Binary links Re: Question Backlog for Valentina mailing list.

Ruslan Zasukhin sunshine at public.kherson.ua
Wed Nov 16 20:59:41 CST 2005


On 11/16/05 5:52 PM, "Ed Kleban" <Ed at Kleban.com> wrote:

>>> They do effectively the same as you do in Relational model with help of
>>> third Table to establish M:M link.
>>> 
>>> What do this table? It just remember pairs  (id1, id2)
>>> 
>>> BinaryLink do the same, but use RecIDs and it is NOT a table.
>>> It is more effective structure.
>> 
>> Hmm, more effective than a table.  Meaning not a linear list of pairs, or
>> meaning not a list that's the same length as one of the two related tables.
>> The former I guess.  Hmm... Well, you could certainly make it more efficient
>> by keeping two separate indexed lists so you could do a binary search in
>> either direction.  And you could make it more efficient with an indexed list
>> that pointed to a "bucket" with a block of corresponding related entries so
>> that when doing a binary search you didn't have the overhead of duplicates,
>> and once you did the seach you had a linear list of corresponding records.
>> Yeah, that's probably how I'd do it... if I could avoid the temptation of
>> hashing the indexes to avoid the log2N cost of the binary search for large
>> sets of links. 
> 
> Ok, I've had some time to sleep on this, and am getting excited!
 
> And of course I have more questions.  :)
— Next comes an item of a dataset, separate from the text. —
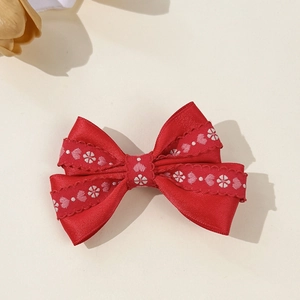 Détail d'une pince à cheveux avec nœud en satin rouge et broderie de fleurs et de cœurs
Great! I like how you think!

 
> Let's run through an example.  Say I have a table of people that has a
> recursive relationship for "MotherOf" as a M:1 relationship.  If I use an
> ObjectPtr field for the MotherOf relationship, then finding the mother for
> any given record is EXCEEDINGLY fast.  I simply go to the MotherOf field,
> and there's the record ID I need for the mother.  And if I intend to record
> a mother for every person in the table then the representation is also
> exceedingly efficient.
> 
> I could make it more space efficient, and possibly less speed efficient by
> using a UShort field instead of an ObjectPtr if I knew, say I was only going
> to have, say 20,000 records maximum.

This will speed up also, because HDD -- main break in db.
 
>     Question 1: Would use of a UShort field here for 16-bit encoding
>     of RecID actually be slower than use of an ObjectPtr?

NO.

And we have think about giving to developer such ability to specify type of
ObjectPtr. This bring few problems:
    - mistake of developer
    - type of ObjectPtr different, then how right correct code?
 
And honestly was no time to go so deeply.
But yes in Valentina 2 you can use FOREIGN KEY now, it works as link,and it
have constraints. So in general you loose nothing here.

------------------------
> In the opposite direction, if I wanted to find all the children of a given
> mother, it would take much more time since the DB would have to scan every
> record to look for a matching value in the MotherOf field for a given mother
> record RecId.  For N records the order of performance of the linear search
> would be o(N).

But usually you have INDEX for such fields. And ObjectPtr is always indexed
and FK fields also.

------------
> Now lets consider Binary Links.  And since you've not yet commented on my
> supposition above, let's assume that the implementation I postulated is
> indeed close to what Valentina implements; Namely for a M:1 relationship it
> keeps separate "info" for the "M->1" and the "1->M" directions, and that for
> the "1->M" direction in fact the execution requires a single binary search
> of an indexed list of, in this case known mother records, and results in
> obtaining a list of all the associated children.  In this direction the
> performance is much better then because: The DB does a single binary search
> on a small list of records known to be mothers and ends up immediately with
> the same result as would require scanning every record of the table if an
> ObjectPtr field was used.
> 
>     Question 2:  Am I pretty close so far?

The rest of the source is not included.